MY HEART goes out to the people of Nepal for the loss of lives during the April 25 and the May 12 earthquakes that hit the small Himalayan mountain country.
It is estimated that the quake left a death toll of over 8,000 and injured over 16,000 of both local inhabitants and tourists. This indeed is a very sad occasion. Neighbouring India, China and Bangladesh also suffered losses, albeit, on a much reduced scale.
Earthquakes occur when there is a sudden release of energy due to plate techtonics, or shifting of plates in the earth’s crust resulting in seismic waves. These waves will consequently result in the shaking of the ground causing buildings to stress or collapse and may also cause landslides.
If the epicentre of the quake is located offshore, this may result in a tsunami as was witnessed in the devastating Indian Ocean tsunami of Boxing Day 2004 in which over 230,000 people were killed or went missing. Earthquakes can never be predicted. However there are earthquake-prone areas such as Japan, Turkey, Pakistan and California in the United States.
The majority of casualties in the Nepal earthquake tragedy were as a result of collapsed or damaged buildings. Indications are that most of these buildings are ancient structures and do not meet the required building regulation codes. In some instances, entire towns and villages were flattened. This is perhaps due to again poor building construction techniques which are not able to withstand the devastating effects of earthquakes.
The quake we are told has had a devastating impact on Nepal’s economy affecting up to 50 percent of its gross domestic product and it will take an estimated period of 10 to 15 years to fully recover.
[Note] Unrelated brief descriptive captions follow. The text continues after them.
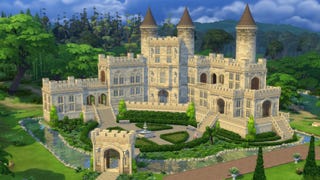 A screenshot from The Sims 4's Castle Estate Kit pack showing an imposing turreted castle curving around a grand driveway.
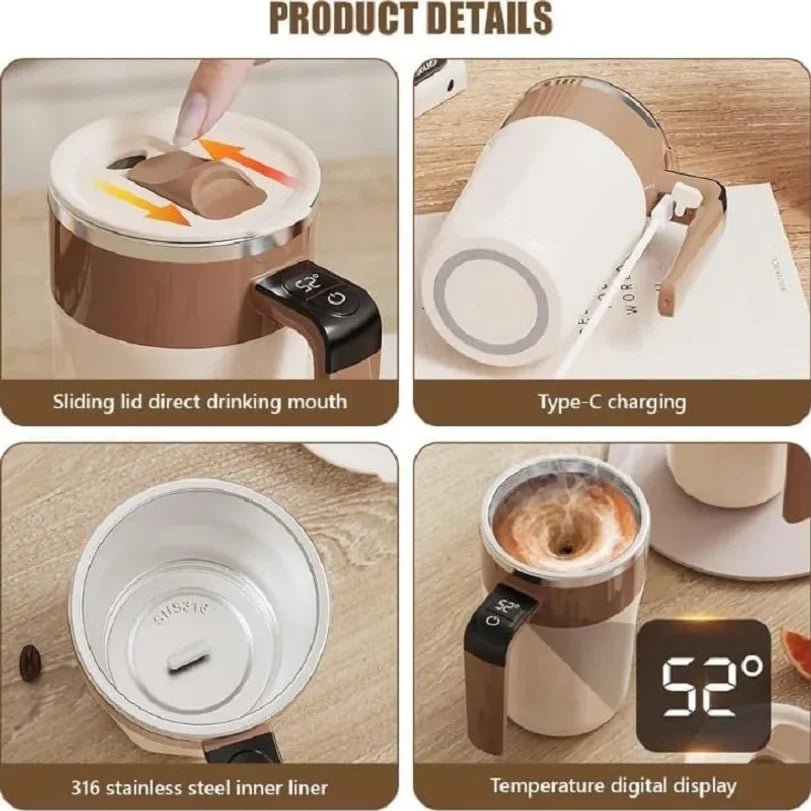 400ml Self-Stirring Coffee Mug | Temperature Display & USB Charge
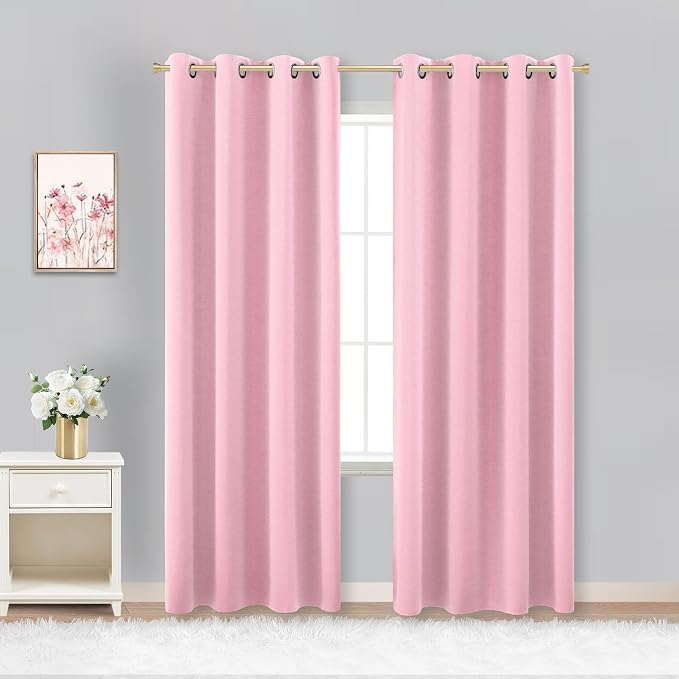 KOUFALL Bubble Gum Pink Blackout Curtains for Girls Room, Cute Light Pink Nursery Curtains Girl, Princess Black Out Girly Curtains for Kids Bedroom, 2 Panels, 52 Inch Wide x 84 Inch Long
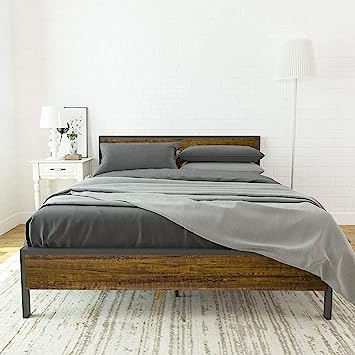 Metal Platform Bed Frame Mattress Foundation with Wood Headboard Duty Steel Slat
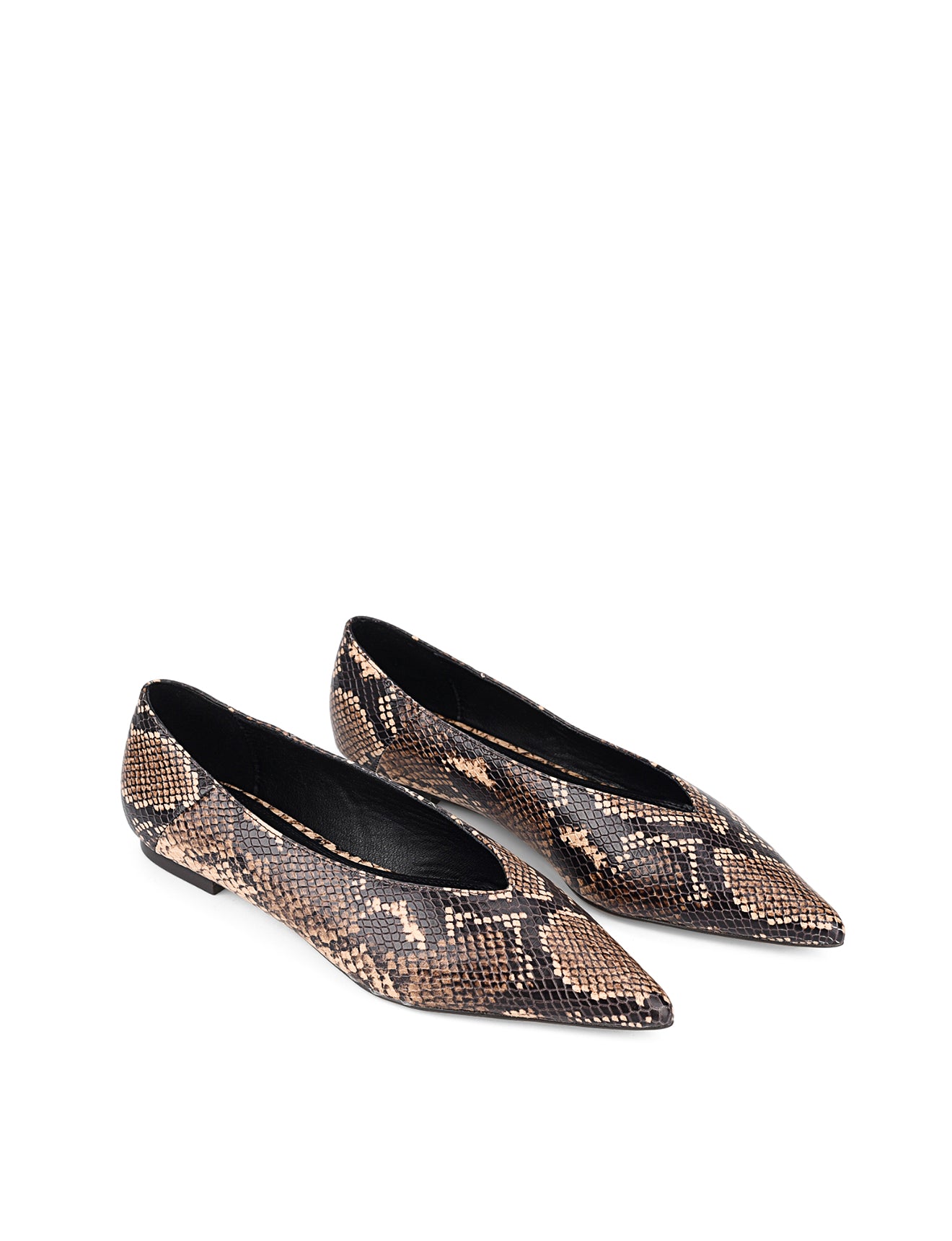 Locke Flat Pumps for Women - Brown Snake Leather Loafers | Comfortable Slip-On Shoes for Office, Casual & Travel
The effects on the countries health facilities are immense not to mention social structures like schools.
What lessons can we learn from this calamity? The Nepal quake should indeed be a wake-up call for vulnerable regions. We need to strengthen building codes in order to reduce or sustain damage to structures should we experience any such earthquakes or tremors. Shoddy construction and rapid urbanisation can lead to such disasters.
First of all, we are very fortunate with the fact that as a country we do not lie on any major fault line. However, Zambia has experienced earth tremors in the past that cause damage to buildings and other structures. Vibrations or earth tremors in non-earthquake belts or regions can be induced by uncontrolled blasting activities in stone quarry, open pit mines and underground mines.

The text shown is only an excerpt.